Exercise data =>
++++++++++++++++++++

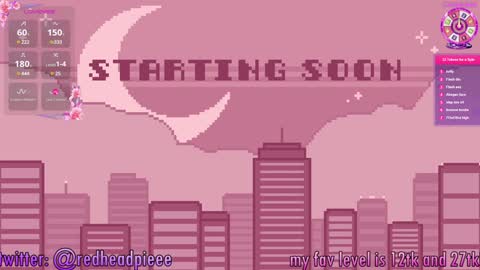 Snapshot of jjuliajuicy chatting on December 8, 2024, 9:24 am Julia Broadcasting schedule tuesday till sunday online show from December 8, 2024, 9:24 am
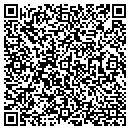 QR code with Easy To Learn Driving School contacts
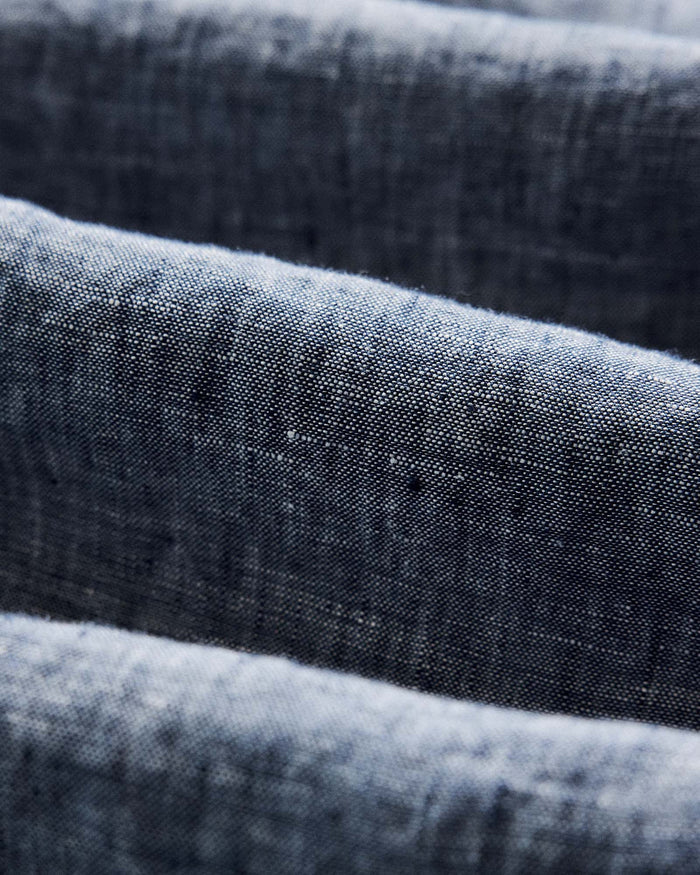 The Jack in Pacific Linen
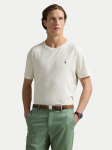 Polo Ralph Lauren T-s&auml;rk 710740727094 Ekr&uuml;&uuml;v&auml;rv Custom Slim Fit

++++++++++++++++++++

What to produce =>
Only the lines from the one containing "The Jack in Pacific Linen" through the last line of the material are to be restated word for word; no picture is to be included.

Task response =>
 The Jack in Pacific Linen
 Polo Ralph Lauren T-s&auml;rk 710740727094 Ekr&uuml;&uuml;v&auml;rv Custom Slim Fit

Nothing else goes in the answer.